Test of Reading Comprehension - 4 (TORC-4)
Authors: Virginia L. Brown / Donald D. Hammill, EdD / J. Lee Wiederholt, EdD
- Vocabulary, Syntax, Paragraph Reading, Sentence Sequencing
- Individual Administration
- Norm Referenced
- Ages 7 through 17-11
- Qualification Level B
The Test of Reading Commprehension - Fourth Edition (TORC-4) is an innovative approach to testing silent reading comprehension that can be used to identify children and adolescents who score significantly below their peers and who therefore might need help in improving their reading proficiency and comprehension, and to document student progress in remedial programs. The number of subtests in the TORC-4 have been reduced, making the test more streamlined and time-efficient.
- Relational Vocabulary From the Student Question Booklet, the student reads a set of three words that are in some way related to each other. The student is to then silently read another four words and choose two words that are related to the first set of three words.
- Sentence Completion From the Student Question Booklet, the student silently reads a sentence that is missing two words. The student then silently reads a list of word pairs and chooses the word pair that best completes the sentence.
- Paragraph Construction After silently reading a list of sentences that are not in logical order, the student must then rearrange the sentences to form a coherent paragraph.
- Text Comprehension Students silently read a short passage and then answer five multiple-choice questions relative to the passage.

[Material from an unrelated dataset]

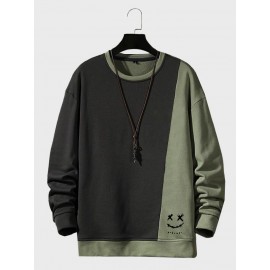 Mens Smile Print Two Tone Patchwork Pullover Sweatshirts Winter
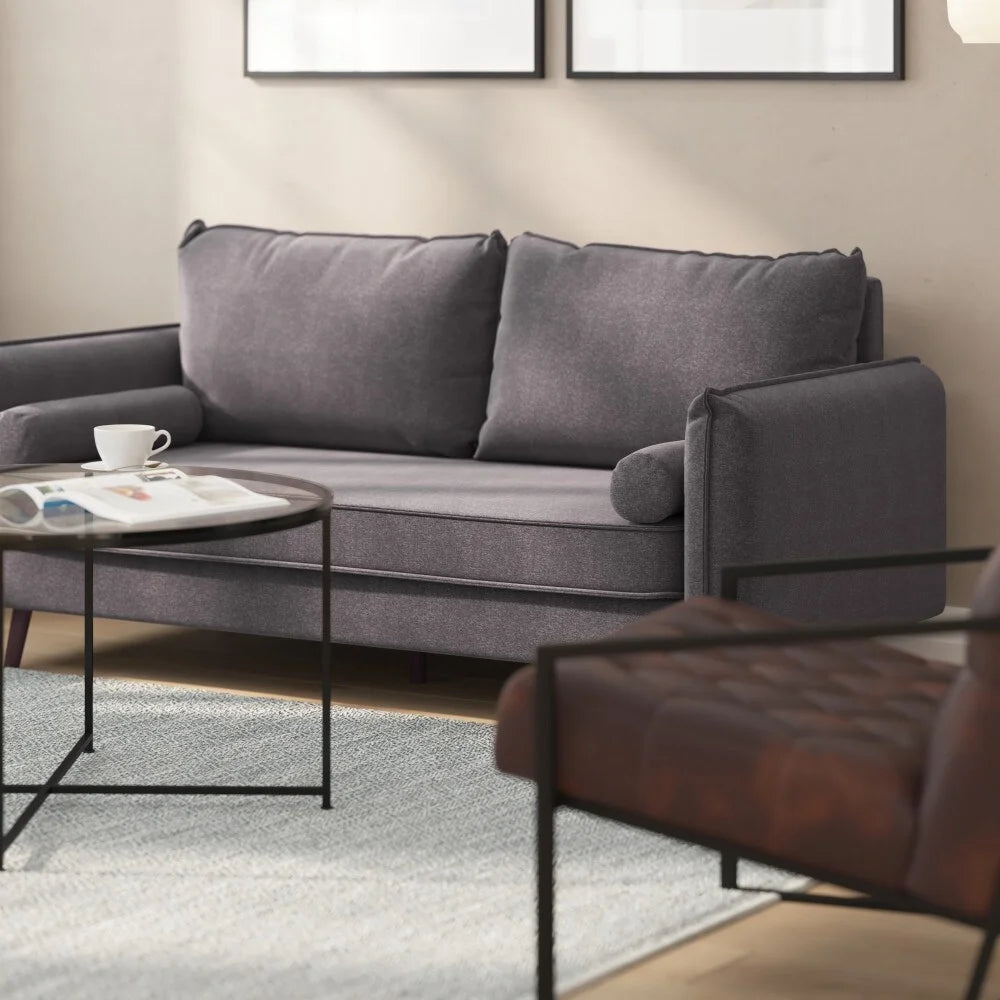 Compact Faux Linen Upholstered Sofa with Wooden Legs Stone Gray P7157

- Contextual Fluency This subtest measures how many individual words students can recognize, in 3 minutes, in a series of passages taken from the Text Comprehension Subtest. Each passage, printed in uppercase letters without punctuation or spaces between words, becomes progressively more difficult in content, vocabulary, and grammar.
Administration and Scoring
The five subtests (Relational Vocabulary, Sentence Completion, Paragraph Construction, Text Comprehension, Contextual Fluency) are combined to form a composite called the Reading Comprehension Index, a standard score with a mean of 100 and a standard deviation of 15. This index represents students' ability to understand contextual printed material.